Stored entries
*** Begin section ***

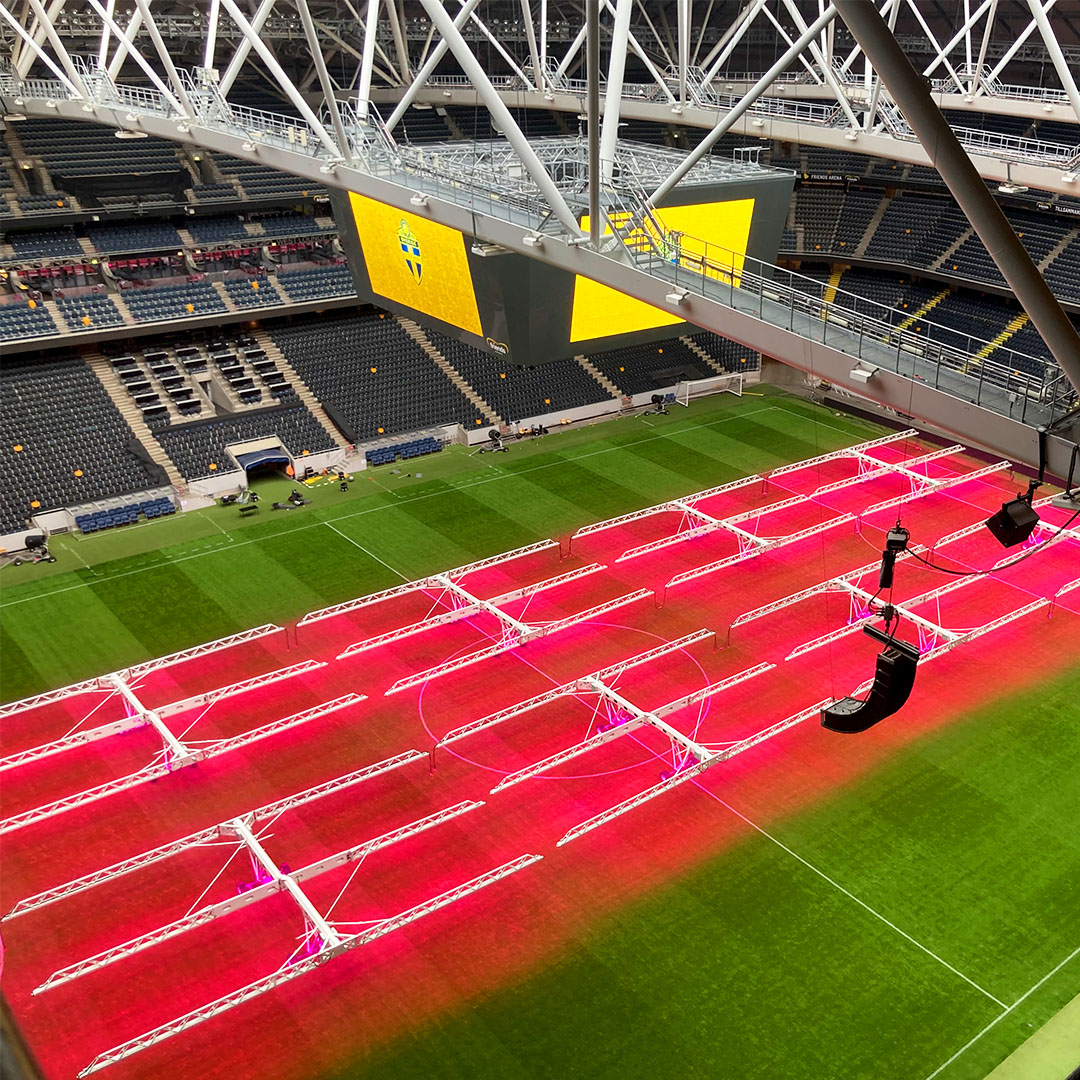 Ten SGL LED440 grow lights on the Friends Arena pitch.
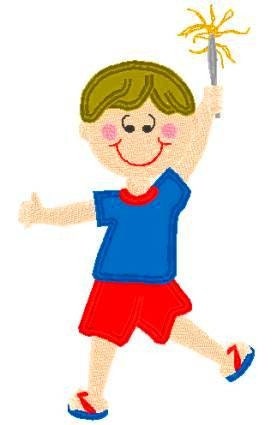 Boutique Machine Applique Embroidery  design (America Sparkler Boy) JULY 4th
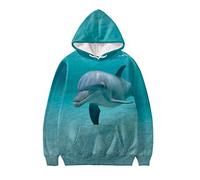UOIMAG Damen Hoodie Sweatshirt mit Tasche Langarm Pullover T-Shirt Tops Tuniken für Sport, Delfin, XX-Large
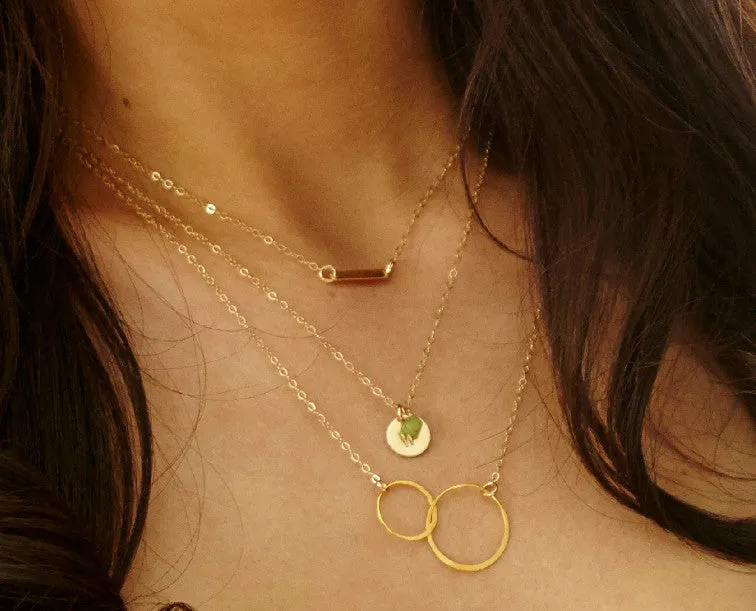 josie connected ring necklace, goldtone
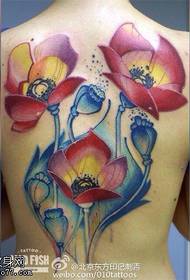 parte traseira patrón de tatuaxe floral acuarela clásica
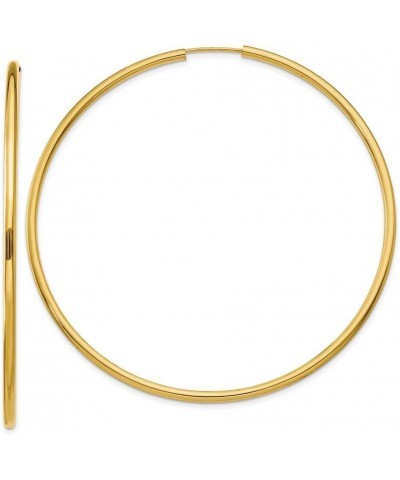 14k Yellow White Rose Gold Polished Round Endless 2mm Hoop Earrings Yellow Gold 65mm $47.49 Earrings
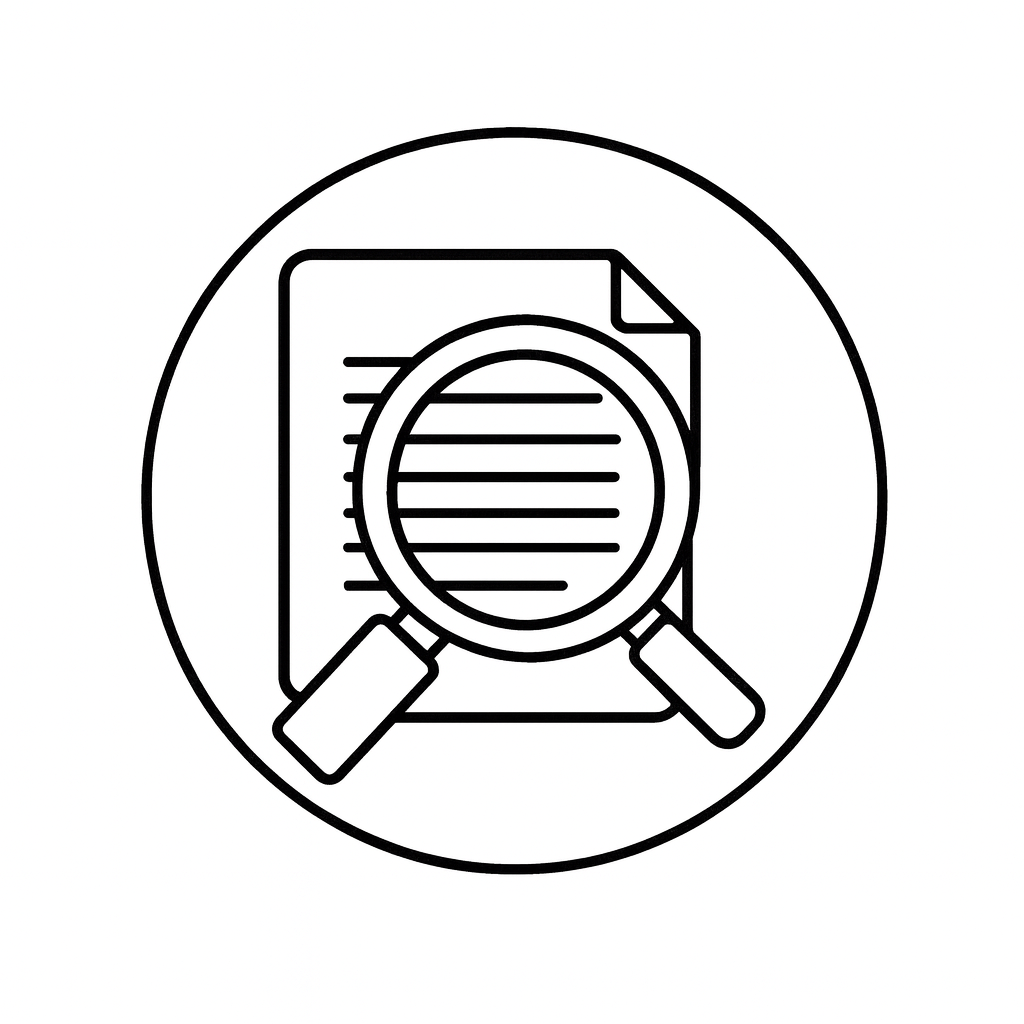 Icon of a document with a magnifying glass inspecting lines of text, indicating search or review process.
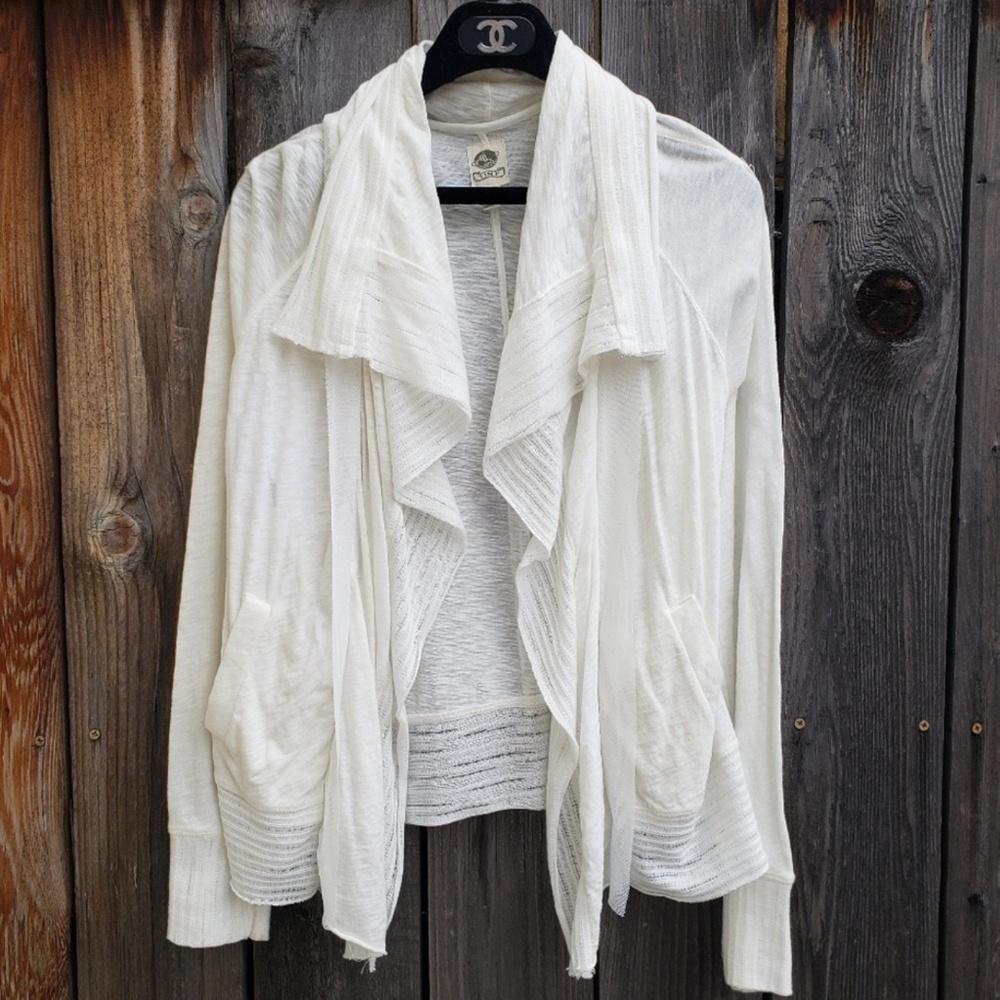 Anthropolagie TINY white flowy open cardigan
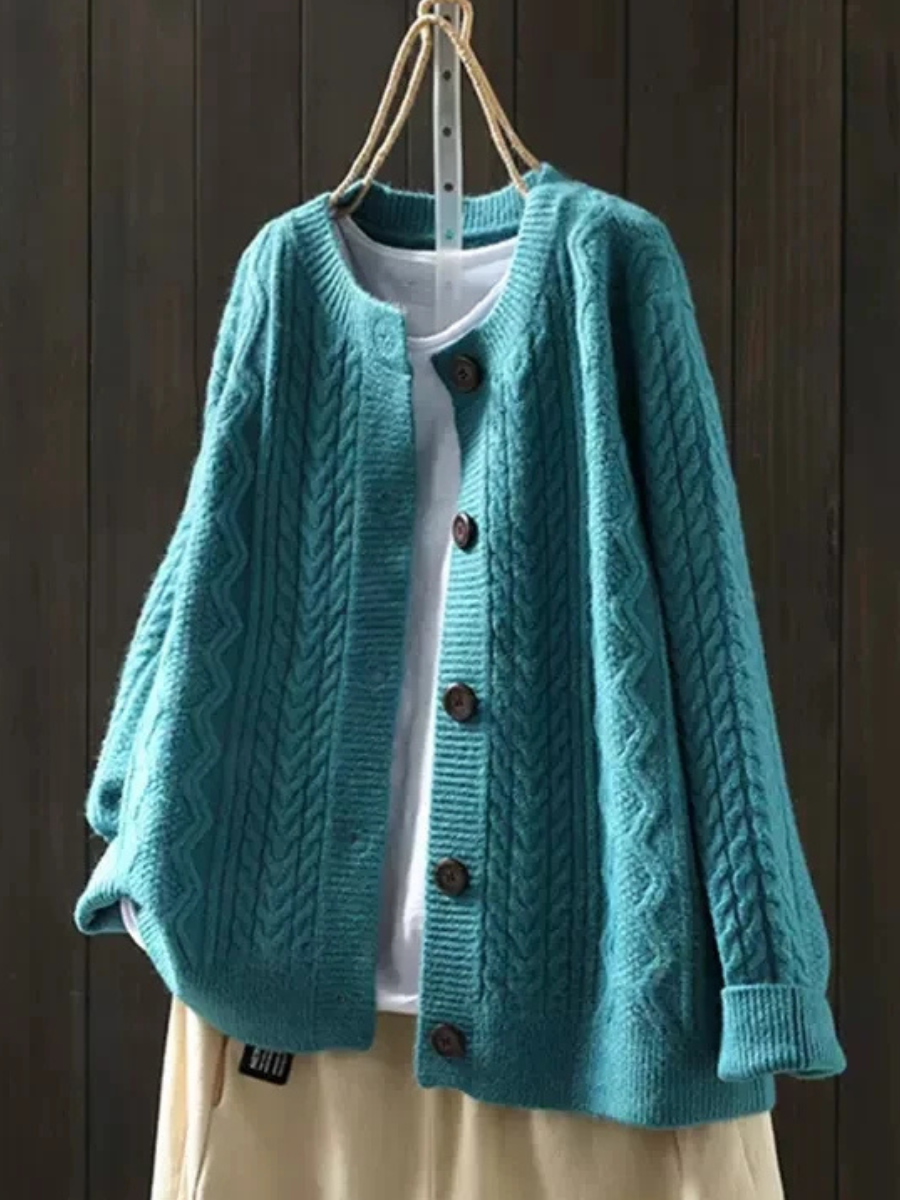 Women's Button-Front Casual Cardigan in Teal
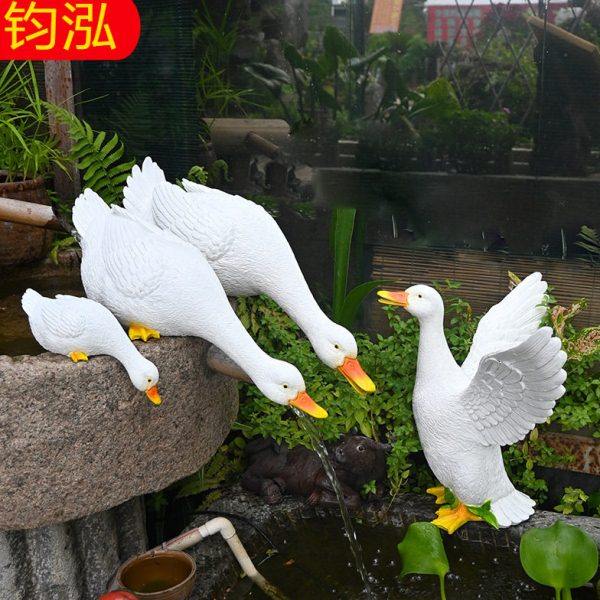 户外花园庭院造景微景观水池水景假山动物喝水鸭子院子装饰摆件,家居饰品,户外/庭院摆件,淘宝优惠券,粉丝福利购,淘宝优惠卷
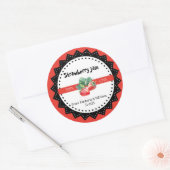 Sticker Rond Confiture de fraises faite avec amour Rustique Mod (Enveloppe)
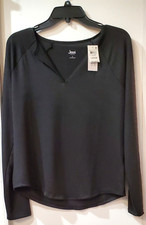 Jenni Women's Split-Neck Pajama Top - Deep Black Size Large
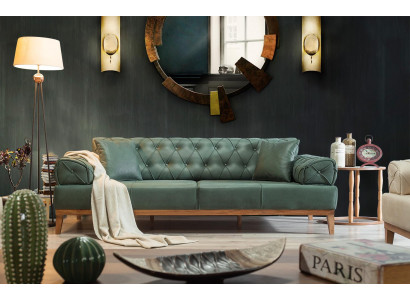 Chesterfield Sofa 3 Sitz Couchen Dreisitzer Grün Neu Textil Holz 220cm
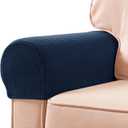 SUBRTEX Stretch Armrest Covers Spandex Arm Covers for Chairs Couch Sofa Armchair Slipcovers for Recliner Sofa with Twist Pins 2pcs (Navy)
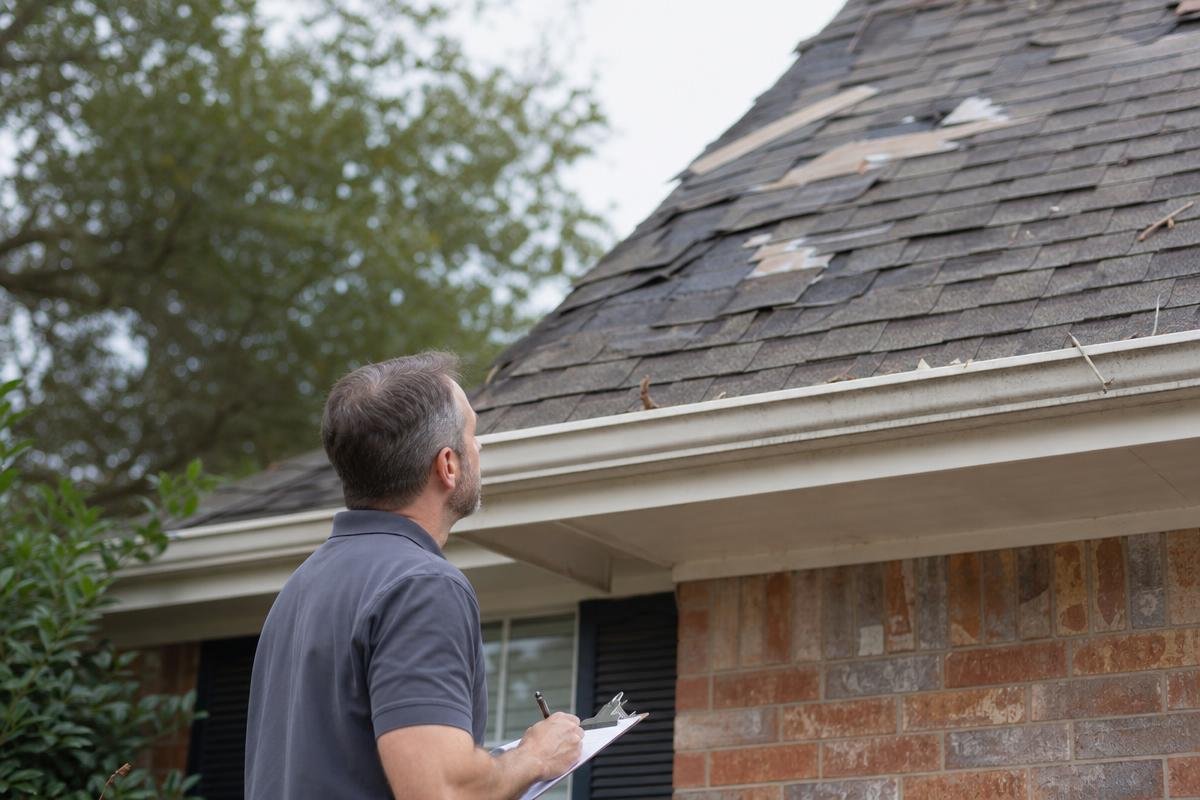 Storm-damaged roof with missing and cracked shingles on an Allen TX home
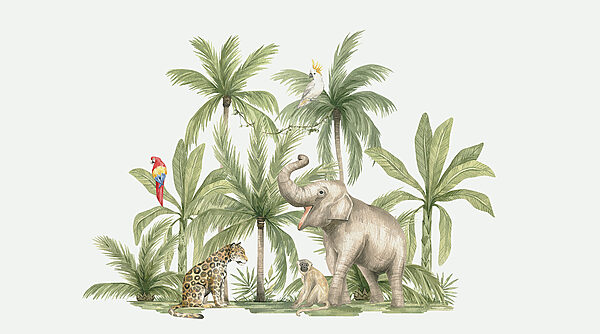 A group of animals in a jungle A group of animals in a jungle
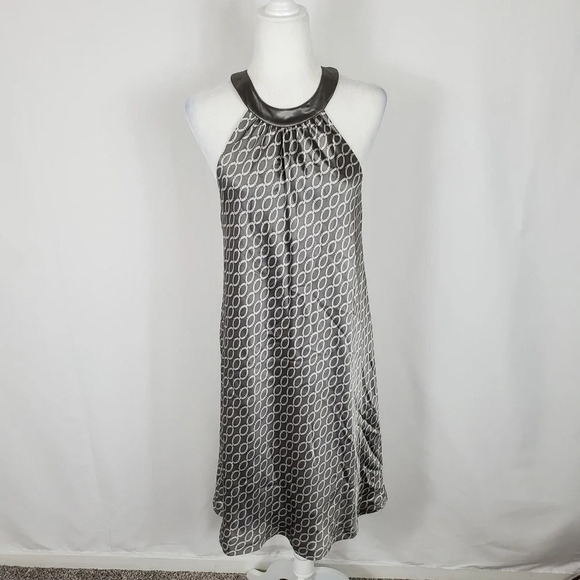 INC International Concepts Silk Gray Print Sleeveless Midi Shift Dress Womens 14 - Picture 1 of 8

*** End section ***

Required action: Pictures are to be left out while the lines from the beginning of the records through the line with "UOIMAG Damen Hoodie" are copied word for word.

Expected output:
 Ten SGL LED440 grow lights on the Friends Arena pitch.
 Boutique Machine Applique Embroidery  design (America Sparkler Boy) JULY 4th
UOIMAG Damen Hoodie Sweatshirt mit Tasche Langarm Pullover T-Shirt Tops Tuniken für Sport, Delfin, XX-Large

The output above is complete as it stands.